Così suo cugino David deciderà di organizzare un viaggio in Polonia, coi soldi ereditati da Dory, per ripercorrere i momenti più bui e i più belli vissuti dalla loro nonna nella sua terra natia. L’obiettivo sarà quello di concludere il viaggio andando a visitare la casa nella quale un tempo Dory è cresciuta, non soltanto per renderle omaggio, ma anche nella speranza di ricucire quel legame ormai logoro e slabbrato, come un vecchio maglione infeltrito.
Devo ammettere che mentre me ne stavo seduta al cinema a guardare “A Real Pain”, il secondo lungometraggio scritto, diretto e interpretato da Jesse Eisenberg, ho provato dei sentimenti misti di empatia e fastidio. Esattamente come il coprotagonista David, interpretato da Eisenberg, che nutre allo stesso tempo un affetto e una fascinazione smisurati e un odio insopportabile nei confronti del cugino Benji, interpretato da Kieran Culkin. Alcuni aspetti dell’esistenza e del carattere di Benji mi hanno commossa e ferita, come se in qualche maniera parlassero a una parte di me con la quale faccio spesso a pugni sin da quando ero bambina. E credo che il punto di forza del film sia proprio questo: mostrare alla perfezione non soltanto i lati migliori e peggiori di quelle persone che in qualche maniera catturano sempre l’attenzione di tutti, ma che nascondono a porte chiuse un abnorme dolore e un’incapacità di vivere in modo sano, ma anche l’irritante e sofferto rapporto di amore e odio vissuto da chi gli sta affianco, in eterno conflitto tra il desiderio di somigliargli e l’invidia di non essere in grado di suscitare la medesima fascinazione sugli altri.

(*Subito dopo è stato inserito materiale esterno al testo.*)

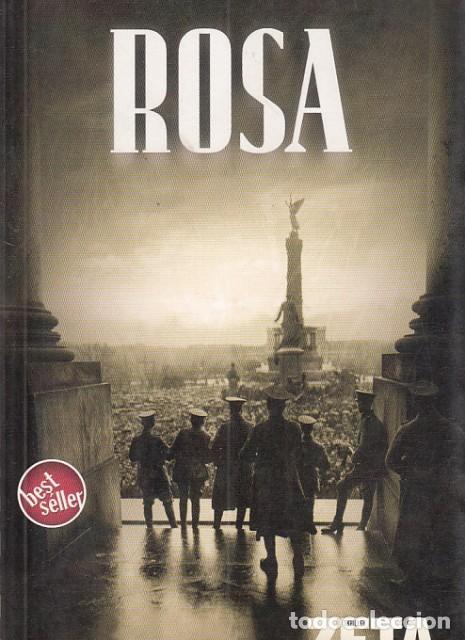 Libros: ROSA - RABB, JONATHAN - Foto 1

Ma non è tutto oro ciò che luccica: buona parte delle battute le ho trovate stupide, alla maniera classica del genere cinematografico demenziale americano. Un altro aspetto che mi sento di sottolineare è il fatto che negli ultimi due anni, soprattutto negli Stati Uniti, sono state prodotte fin troppe pellicole che parlano degli ebrei e delle persecuzioni subite durante l’olocausto, come se ci fosse un tentativo di ripulire la coscienza collettiva, al fine di cancellare gli orrori commessi tutt’oggi dallo Stato di Israele ai danni dei palestinesi. Niente potrà mai rendere sopportabile il ricordo della brutalità perpetrate dei nazisti, ma non possiamo nemmeno continuare a sfruttare le vittime dell’odio antisemita per fingere che ciò che avviene sul territorio palestinese non sia egualmente raccapricciante e ingiusto. So bene che il regista Jesse Eisenberg progettava da molti anni di girare “A Real Pain”, già da prima del 2013, dopo un viaggio in Polonia, ma guarda caso il film è stato prodotto e distribuito nelle sale giusto adesso.
A parte questo, non l’ho trovato né un capolavoro né così profondo e di spessore come in molti lo hanno voluto (secondo me forzatamente) far passare. C’era una base interessante e solida dalla quale partire per sviluppare un dramma assai più incisivo. Peccato, buono a metà. Tre stelle su cinque.